I was getting dressed quietly because I thought the girls were still sleeping when Marlow came running down the hall, jumped into my bedroom and screamed, ‘BOO!!, YAY, I’M AWAKE!!’. She then immediately dropped her voice to a whisper and said, ‘but Wavey’s still sleeping, so we need to be quiet’. Not for long.

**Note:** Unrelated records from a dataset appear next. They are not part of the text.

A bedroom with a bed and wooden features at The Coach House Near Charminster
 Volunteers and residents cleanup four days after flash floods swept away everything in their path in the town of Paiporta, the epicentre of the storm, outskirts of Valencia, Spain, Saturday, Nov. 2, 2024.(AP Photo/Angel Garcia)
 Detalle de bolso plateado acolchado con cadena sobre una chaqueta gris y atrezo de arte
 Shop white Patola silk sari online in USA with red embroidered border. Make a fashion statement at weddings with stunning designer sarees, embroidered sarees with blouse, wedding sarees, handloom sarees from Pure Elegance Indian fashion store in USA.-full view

My father-in-law made these on the weekend and just gave me the recipe verbally – so he’s getting the credit. I made them for my parents last night (with a lemon and garlic rubbed pork loin roast which I’ll post tomorrow), and was very pleased with my addition of onion. All of the quantities are guesstimates, and many substitutions can be made.
Doug’s Potatoes
1 lb. whole baby red potatoes
1 lb. whole baby white potatoes
1 good-sized yam, peeled and cut into cubes (I used butternut squash)
1 small onion, diced
6-8 cloves of garlic, finely minced
2-4 T. fresh thyme, leaves only
salt and freshly ground pepper
olive oil
Partially cook the potatoes by boiling them for about 10 minutes in salted water and then leave them in a colander to dry (and cool slightly) until you’re ready with the other ingredients.
In a large bowl (or your potato pot), toss all of the ingredients together – I found just using my hands the easiest – and add olive oil a couple of tablespoons at a time until you feel you have the right amount – everything just needs to be barely coated.
Spray an appropriately sized pan or casserole and scoop everything in. Bake at 400 for about 30 – 40 minutes, stirring every 10 or 15 minutes.